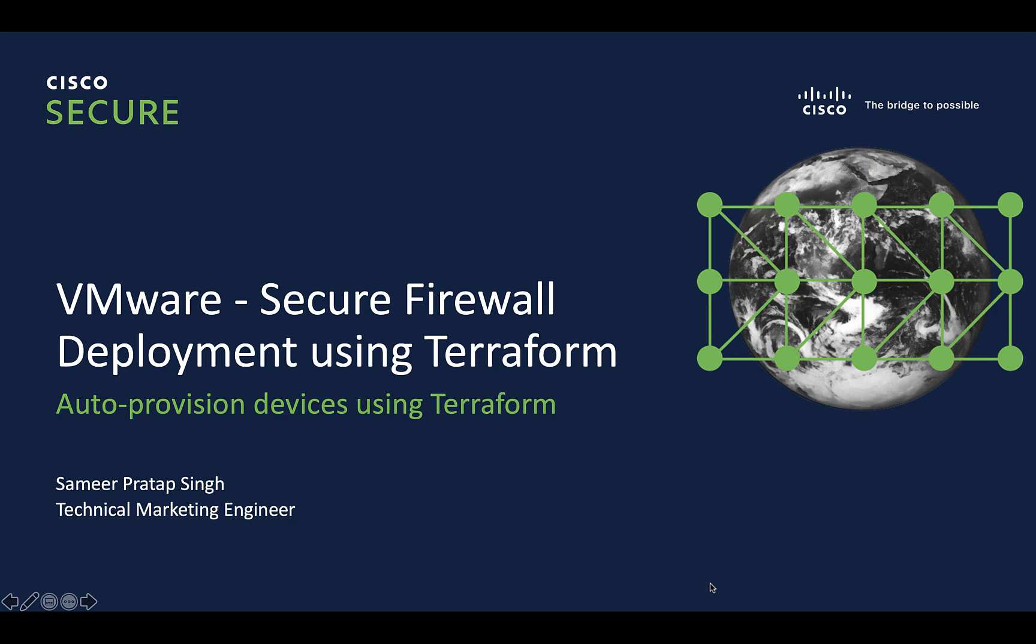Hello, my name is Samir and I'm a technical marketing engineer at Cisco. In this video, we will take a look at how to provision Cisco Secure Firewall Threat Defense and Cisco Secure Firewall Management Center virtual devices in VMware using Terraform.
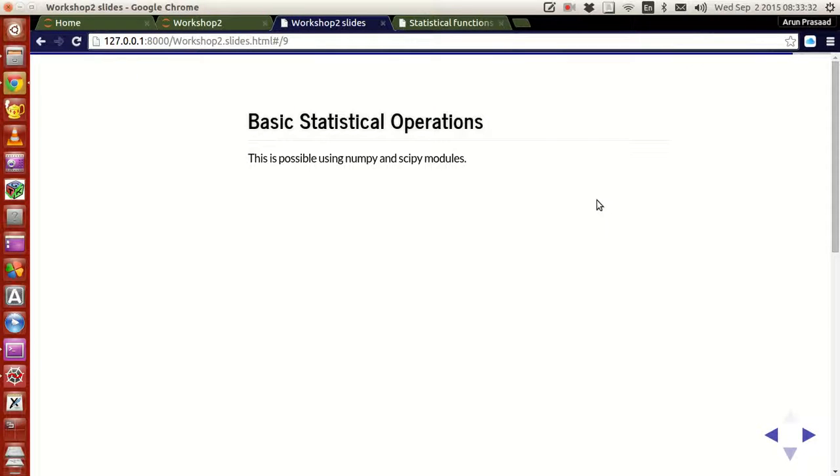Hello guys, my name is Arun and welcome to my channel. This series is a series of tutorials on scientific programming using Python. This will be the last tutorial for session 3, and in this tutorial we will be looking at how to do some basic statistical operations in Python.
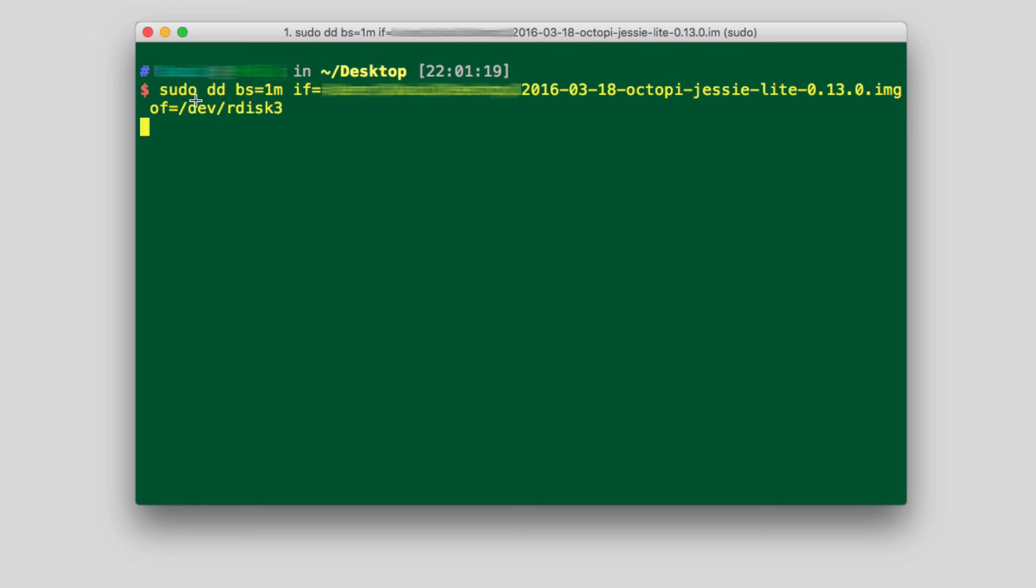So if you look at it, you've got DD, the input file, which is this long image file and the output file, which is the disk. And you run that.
= = =
» Required action
Set down exactly, from the line that contains "Hello guys, my" through the last line of the data, each line as it stands, and leave the pictures out.

» Solution to the problem
Hello guys, my name is Arun and welcome to my channel. This series is a series of tutorials on scientific programming using Python. This will be the last tutorial for session 3, and in this tutorial we will be looking at how to do some basic statistical operations in Python.
So if you look at it, you've got DD, the input file, which is this long image file and the output file, which is the disk. And you run that.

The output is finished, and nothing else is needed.